Logo de cara, Melodia, com sua voz, e Dorgan, com sua montagem, nos contam sobre como o músico foi descoberto e adotado como compositor nos anos 1970 por grandes nomes da Tropicália, como Waly Salomão e Torquato Neto, que o apresentaram a ninguém menos que Gal Costa e Maria Bethânia. Gal gravou uma das canções de maior sucesso de sua carreira e que depois daria nome ao primeiro LP de Melodia, Pérola Negra, em 1973, e Bethânia interpretou Estácio, holly Estácio logo em seguida, o que alavancou o nome do músico a um dos grandes expoentes da MPB naquela época. Em 1975 foi um dos finalistas do Festival Abertura, da TV Globo, com a canção Ébano, o que o tornou conhecido do grande público, mas o que realmente fez o nome e a voz de Luiz Melodia brilharem nas rádios e na TV foi a música Juventude Transviada, que fez parte da trilha da novela Pecado Capital (1975).

Mas o que me chamou mais a atenção – como alguém que já conhecia o som de Luiz Melodia, mas não sua história -, foi que já em seus primeiros anos de carreira, com um potencial tão promissor, as gravadoras e a mídia começaram a taxá-lo de “maldito”. Isto porque Melodia sabia bem o que queria com sua arte e não se dobraria a desmandos da indústria musical, que já o tentava encaixar no estereótipo do “negro de morro carioca que só faz e toca samba”, chegando ao ponto de se criar o boato de que o cantor não tinha interesse no samba, o que contraditoriamente seria negar suas próprias raízes e uma de suas maiores influências. Fica claro quando vemos com o olhar de hoje que existia um lugar ao qual Melodia deveria ser designado, e o que o tornou “maldito” foi exatamente não aceitar essa designação, resistindo através de sua voz potente e sua música.

Cabe lembrar que estamos falando dos anos de chumbo no Brasil Militar, o período mais violento da Ditadura Civil-Militar e quando as perseguições à arte davam o tom da repressão, e mesmo que as letras de Melodia não fossem exatamente “de protesto” elas simbolizavam sim uma resistência, um grito poético de liberdade, muitas vezes emudecido por uma indústria e por uma sociedade conservadora, onde o aceitável era o tradicional. As consequências dessa “maldição” perseguiram Melodia pelo resto de sua carreira, ainda que o sucesso como astro nunca tenha sido seu desejo. Mudou-se então para Salvador após o estrondo de Juventude Transviada onde passou um tempo até lançar seu disco Mico de Circo em 1978. Entretanto fica óbvio que o músico, mesmo hoje sendo reconhecido como um dos grandes nomes da MPB, teve alcance aquém do esperado para um artista de seu quilate.
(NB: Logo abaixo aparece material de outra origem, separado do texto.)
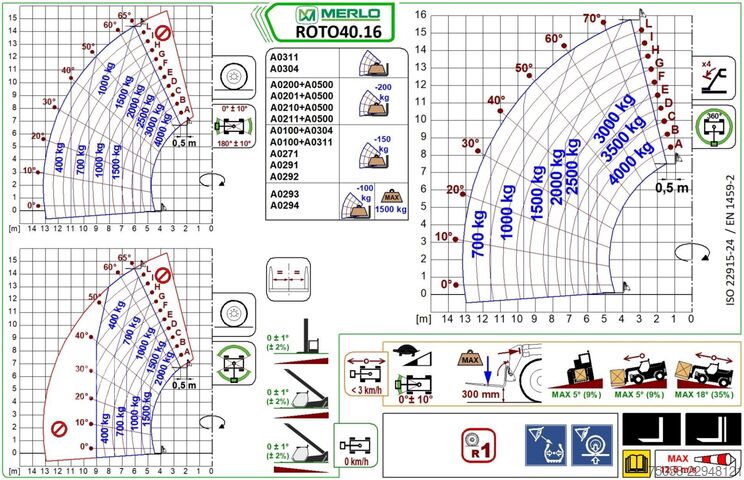 Teleskoplader Merlo ROTO 40.16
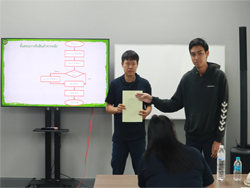 ความต้องการในการเรียนรู้ และการจัดแผนการสอนตามความจำเป็นในการปฏิบัติงาน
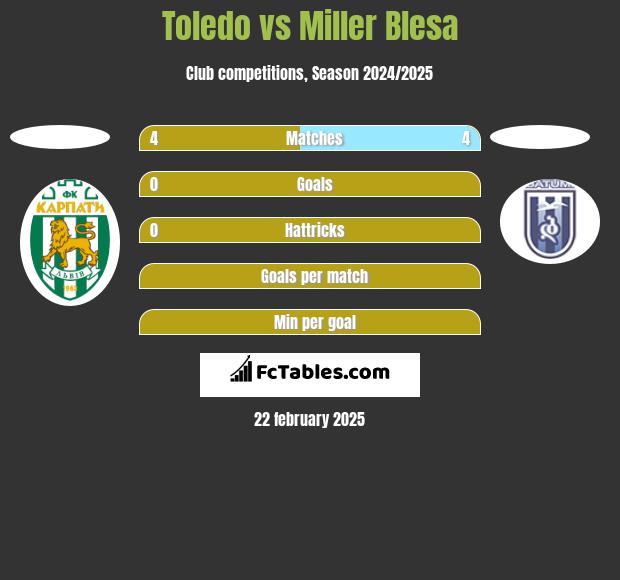 Toledo vs Miller Blesa h2h player stats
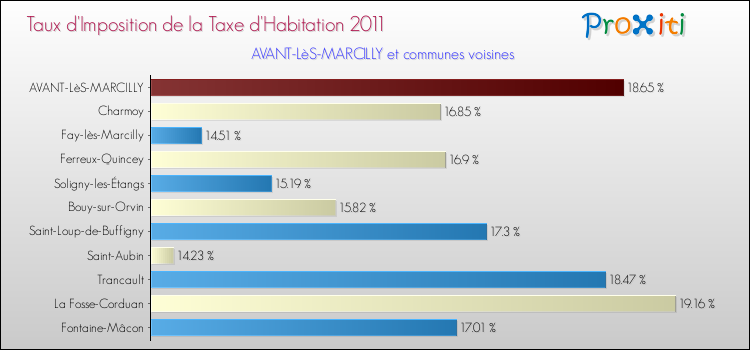 Taux d'imposition de la taxe d'habitation 2011 pour AVANT-LèS-MARCILLY et les communes proches Comparaison des taux d'imposition de la taxe d'habitation 2011 pour AVANT-LèS-MARCILLY et les communes voisines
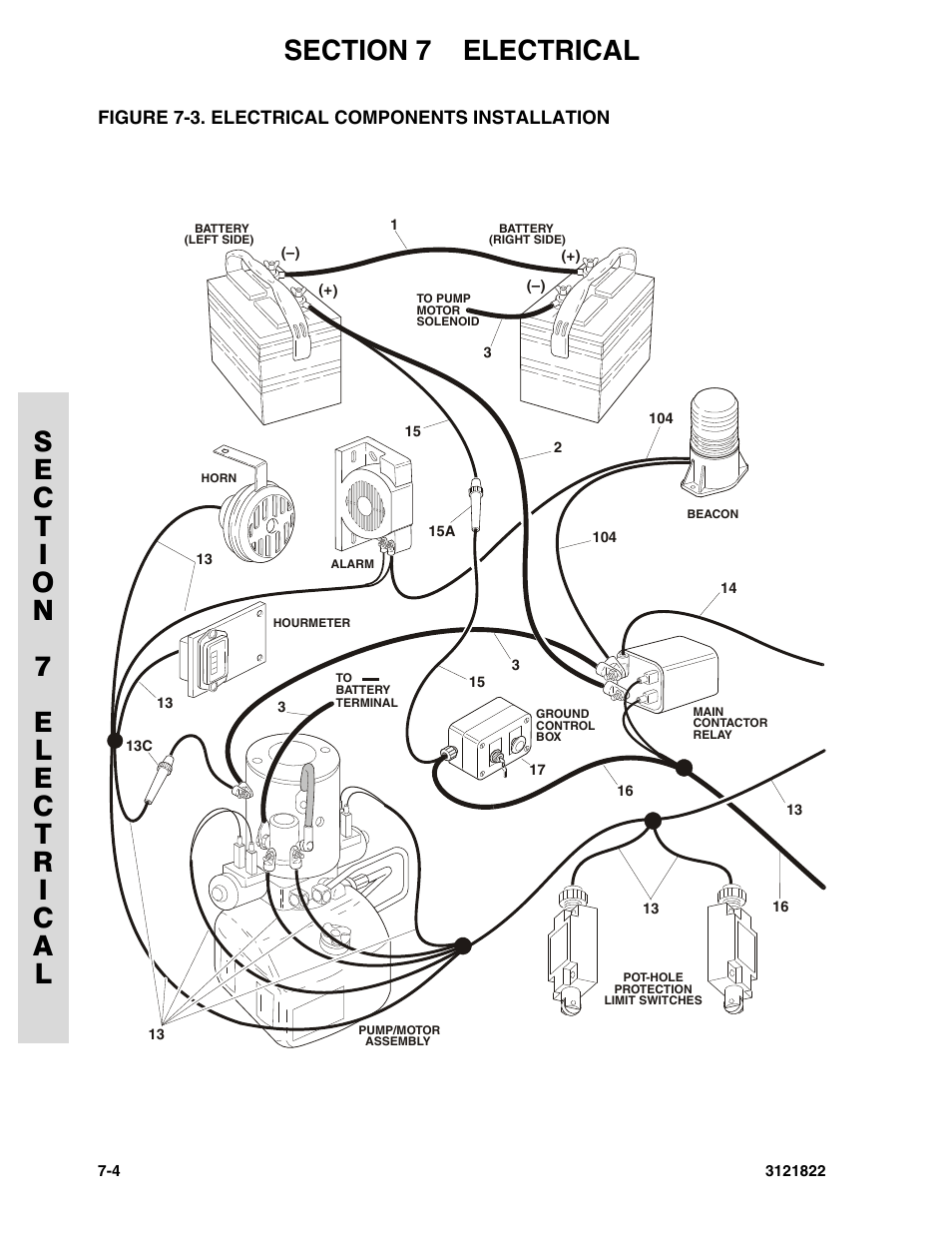 Figure 7-3. electrical components installation, Electrical components installation -4 | JLG 15VPSP (3121822) Parts Manual User Manual | Page 74 / 92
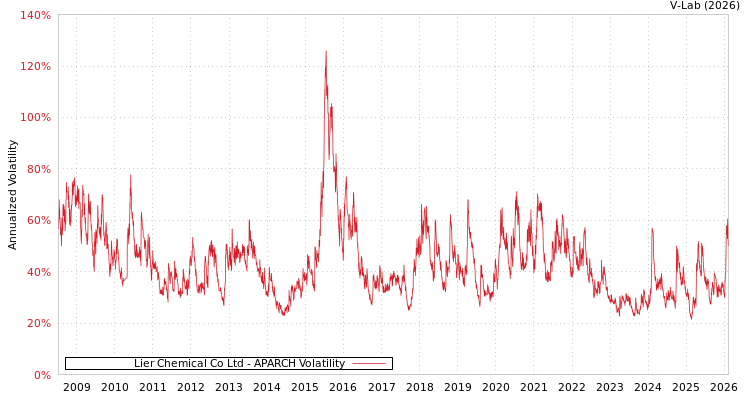 graph of Lier Chemical Co Ltd APARCH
Mas o documentário não se prende a essa dita “maldição”, ainda que adote um tom levemente pesaroso. Me parece até que ao mesmo tempo que lamenta os descompassos que o músico teve em sua carreira, exalta essa mesma carreira, o que acho bastante adequado, já que, mesmo sendo “maldito”, a resistência de Melodia o levou a composições e interpretações sublimes e memoráveis, sempre demonstrando que a palavra “marginal” pode ter um significado bastante elogioso, firmando ainda parcerias de sucesso com outros “malditos” em sua jornada, como Jards Macalé e Itamar Assunção, além de apresentar-se ao lado de nomes como Zezé Mota e Elza Soares.

Luiz Melodia – No Coração do Brasil (2024) é um filme comovente, mas também ilustrativo, nos revelando um retrato de um país através de um de seus maiores artistas, de sua carreira muitas vezes atropelada, o retrato de uma sociedade que muitas vezes é míope para sua própria arte. Mas também de uma arte que tem como natureza a resistência, e se para isso e por isso precisamos lutar nós temos um arsenal de nomes gigantes que fizeram e fazem de sua arte nossa maior arma.